## WHAT THIS TASK INVOLVES
Before printing the listing, strip out its pictures and keep everything else exact.

## EXERCISE DATA
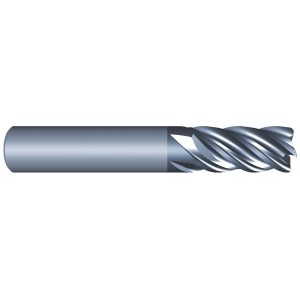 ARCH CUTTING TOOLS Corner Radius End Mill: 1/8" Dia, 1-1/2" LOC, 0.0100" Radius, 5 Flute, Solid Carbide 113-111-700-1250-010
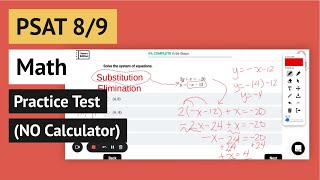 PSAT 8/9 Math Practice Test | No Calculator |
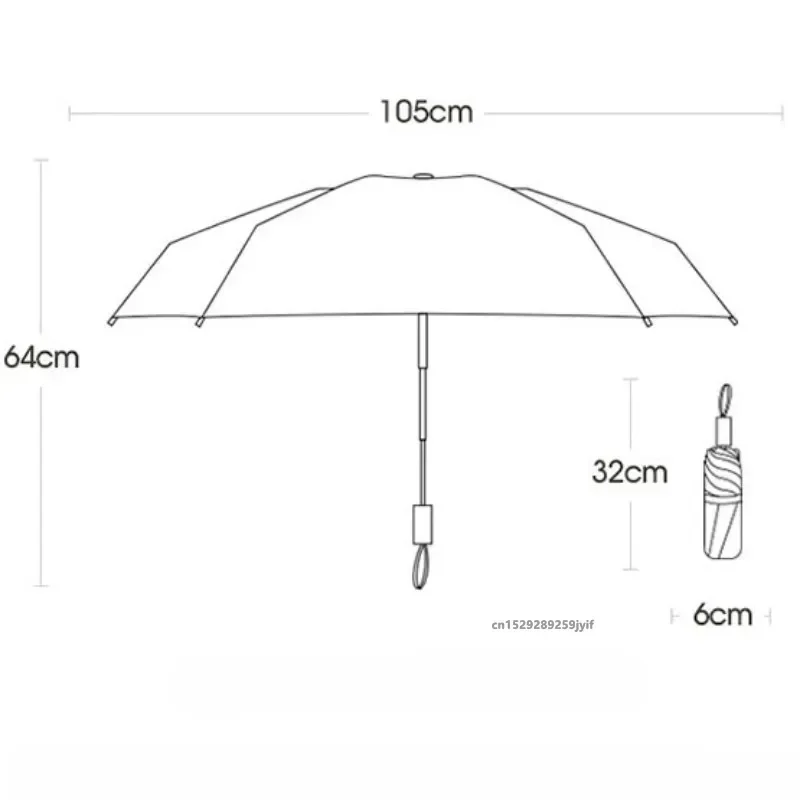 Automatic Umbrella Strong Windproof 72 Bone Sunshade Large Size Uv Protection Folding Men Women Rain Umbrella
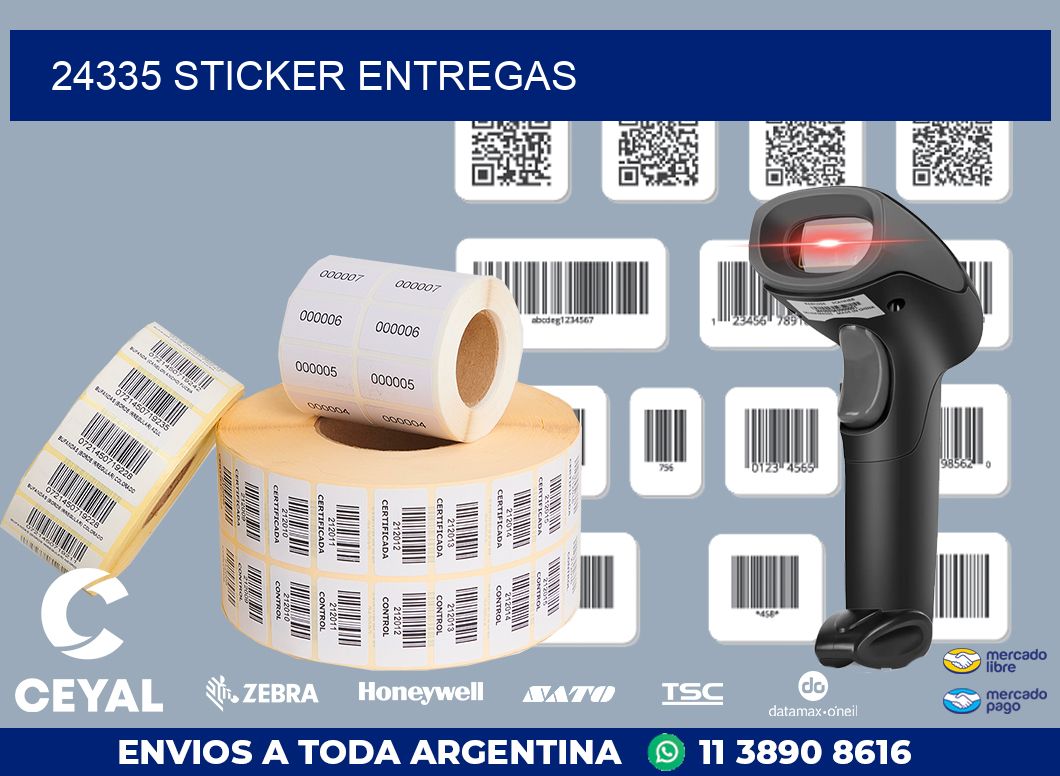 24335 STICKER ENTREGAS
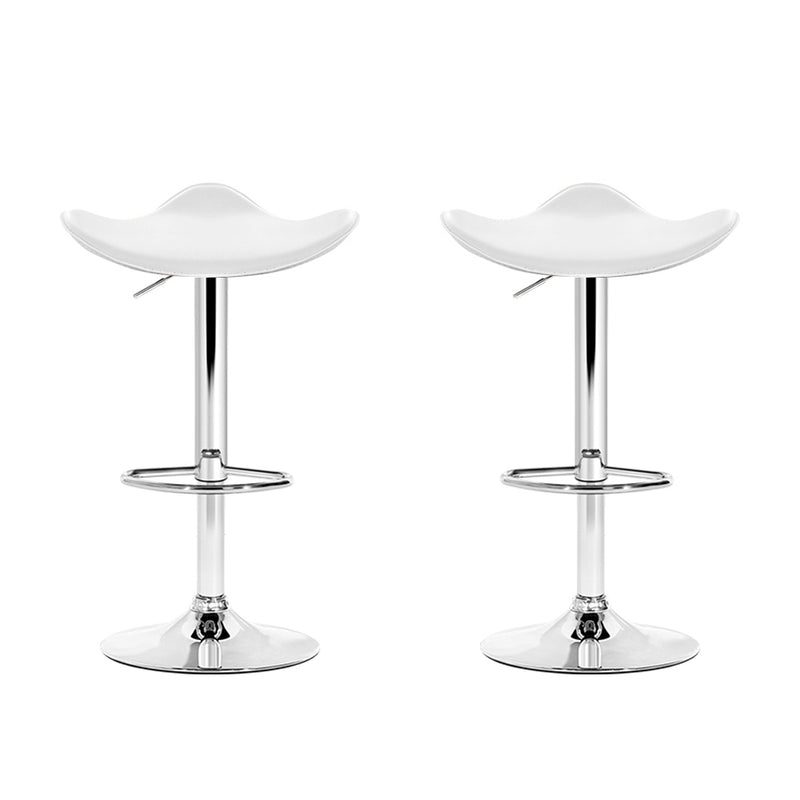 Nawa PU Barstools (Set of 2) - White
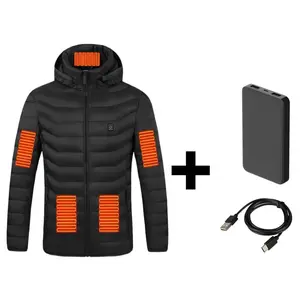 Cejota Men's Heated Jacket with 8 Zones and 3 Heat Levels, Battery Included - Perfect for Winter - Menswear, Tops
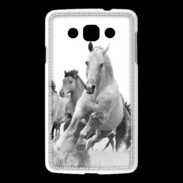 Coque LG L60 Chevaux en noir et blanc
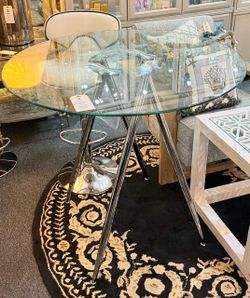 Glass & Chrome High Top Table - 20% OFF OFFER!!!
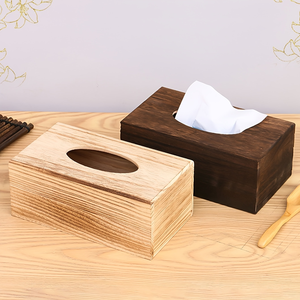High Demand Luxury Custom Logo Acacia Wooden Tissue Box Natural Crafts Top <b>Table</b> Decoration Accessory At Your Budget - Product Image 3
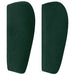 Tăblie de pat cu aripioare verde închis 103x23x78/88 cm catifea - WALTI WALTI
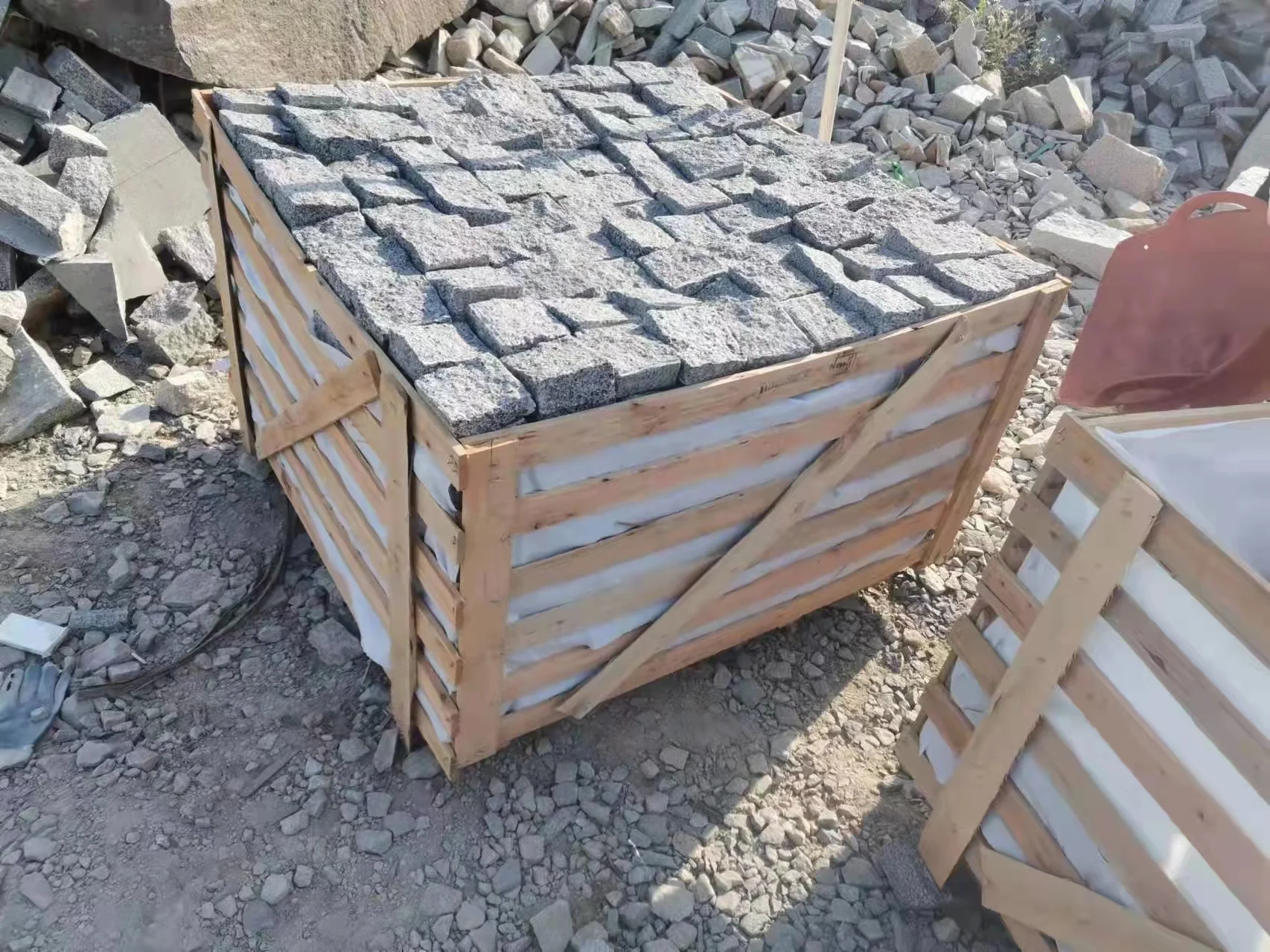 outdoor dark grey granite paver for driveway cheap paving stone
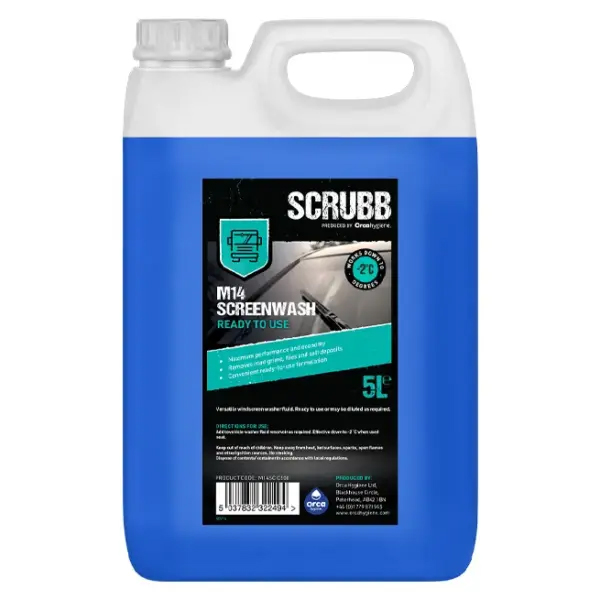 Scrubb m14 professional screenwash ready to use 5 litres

## RESPONSE BOX
 ARCH CUTTING TOOLS Corner Radius End Mill: 1/8" Dia, 1-1/2" LOC, 0.0100" Radius, 5 Flute, Solid Carbide 113-111-700-1250-010
 PSAT 8/9 Math Practice Test | No Calculator |
 Automatic Umbrella Strong Windproof 72 Bone Sunshade Large Size Uv Protection Folding Men Women Rain Umbrella
 24335 STICKER ENTREGAS
 Nawa PU Barstools (Set of 2) - White
 Cejota Men's Heated Jacket with 8 Zones and 3 Heat Levels, Battery Included - Perfect for Winter - Menswear, Tops
 Coque LG L60 Chevaux en noir et blanc
 Glass & Chrome High Top Table - 20% OFF OFFER!!!
High Demand Luxury Custom Logo Acacia Wooden Tissue Box Natural Crafts Top <b>Table</b> Decoration Accessory At Your Budget - Product Image 3
 Tăblie de pat cu aripioare verde închis 103x23x78/88 cm catifea - WALTI WALTI
 outdoor dark grey granite paver for driveway cheap paving stone
 Scrubb m14 professional screenwash ready to use 5 litres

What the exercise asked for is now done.